One, Jesus Bar Abbas (Son of the Father) seems to have been a Zealot guerilla leader held by the Romans. The other, Jesus the Nazarene, was an itinerant Essene preacher who had caused a ruckus in theTemple because he disliked the profiteering of the money-changers there.
According to the myths, Pilate offered the people of Jerusalem the choice of which of these prisoners he would release to mark the Passover festival. There is a lot wrong with this. In the first place, Roman Procurators did not release important rebel leaders at the whim of the mob. Ever. In the second place, a brawl in the Temple precincts was a matter for the Temple Segens (bailiffs) to deal with, not the Roman garrison. Finally, the Temple money-changers were an essential service, but only to Jews. If you went into the Temple to make a sacifice, you had to buy your animal -a dove in most cases. Such a sacrifice could not be purchased with Roman denarii or sestertii, which bore the image of the Emperor in contravention of Jewish Law. So you had to exchange your Roman cash for Temple shekels at the money-changers. Naturally, the money-changers would make a profit on the deal and this is what Jesus of Nazareth objected to. None of this was of the slightest concern to the Romans, any more than theological disputes between Jewish sects were.

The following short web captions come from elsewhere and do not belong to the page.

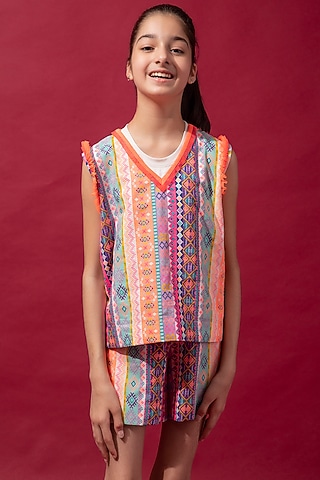 Multi Colored Jacket Set With Lace  For Girls by Be True Kids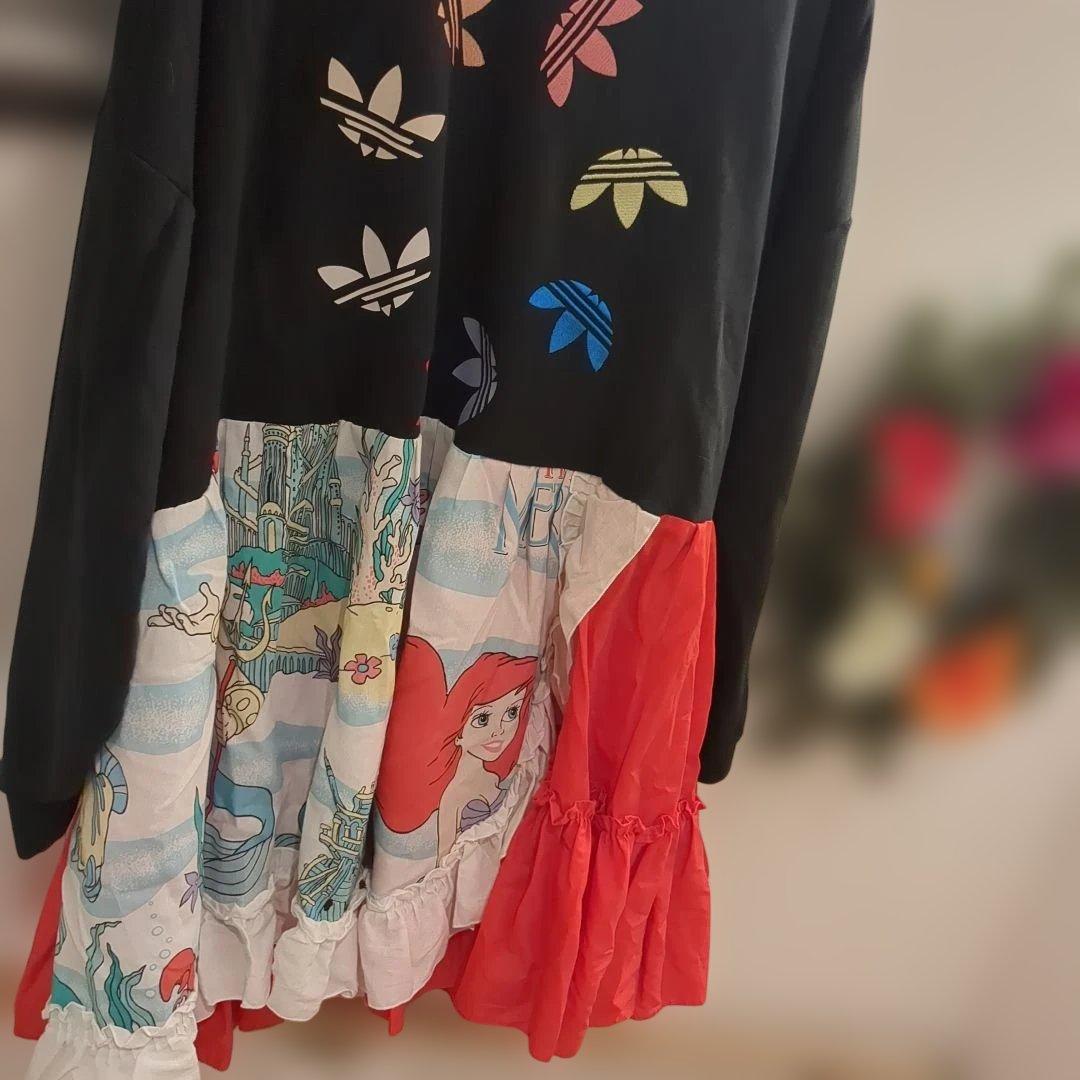 専用❦✨古着リメイク　リメイクワンピース　リメイクスウェット　アリエル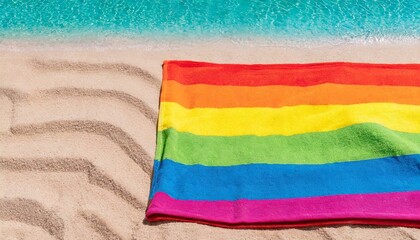 Wall Mural - LGBT colored beach towel top view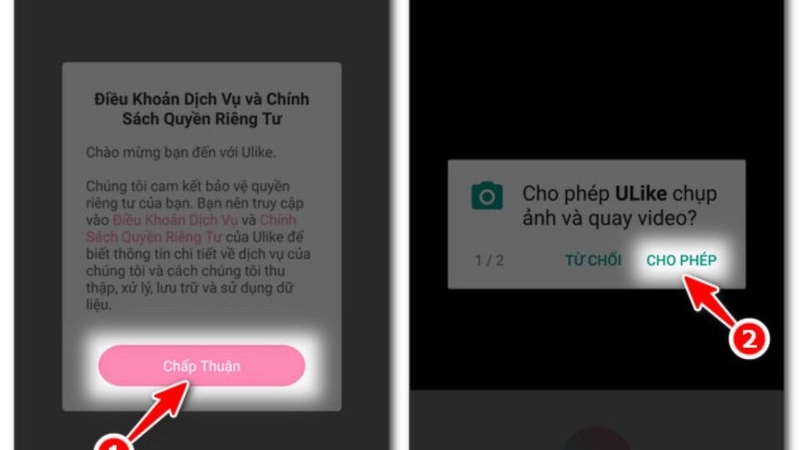 Mở ứng dụng và chấp nhận các điều khoản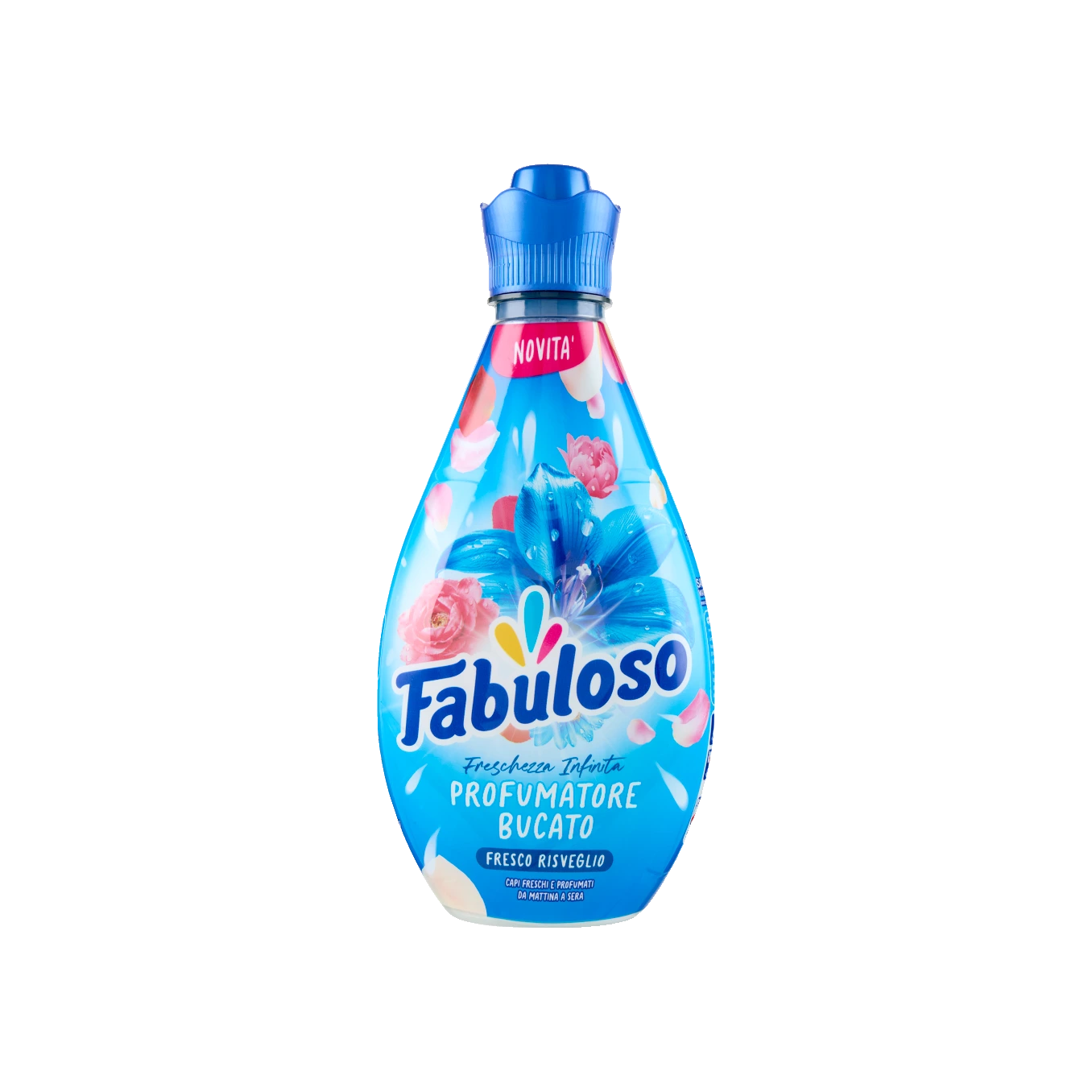 Fabuloso Wasparfum Fresco Risveglio 730 ml, lichtblauwe fles met blauwe dop en bloemen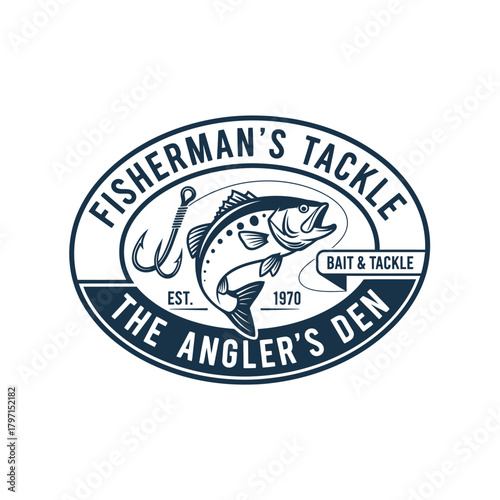 A vintage-style emblem of a leaping fish, fishing hook, and text in a circular, oval frame, indicating fishing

So we have one Jesus who the Romans were going to deal with, and another who was the responsibility of the Sanhedrin court. Jesus Barabbas, short of intervention by the Vestal Virgins -who were in Rome anyway - was going to be crucified, end of. To your left, through the door, one cross each.
Jesus of Nazareth? That's where things get speculative. For the public order offence, a fine and a lecture, probably. But the preaching? The anti-authoritarian attitude? The large number of converts? A problem for the heads of a theocratic state. But he had committed no blasphemy and had broken no religious laws; just preached a different way of applying them and predicted the end of the world. At a reasonable guess, I'd say they exiled him to Alexandria or somewhere where he could philosophise and preach till he was blue in the face without bothering them. Whereupon he went to ground until his friends could make arrangements, nipped back to have a last word with his followers, left his brother in charge and buggered off!
Paul, coming into the religion business years later, probably knew both stories, and conflated them in such a way as to make his new religion into the kind of mystery 'dying god' cult his Graeco-Roman target audience would recognise.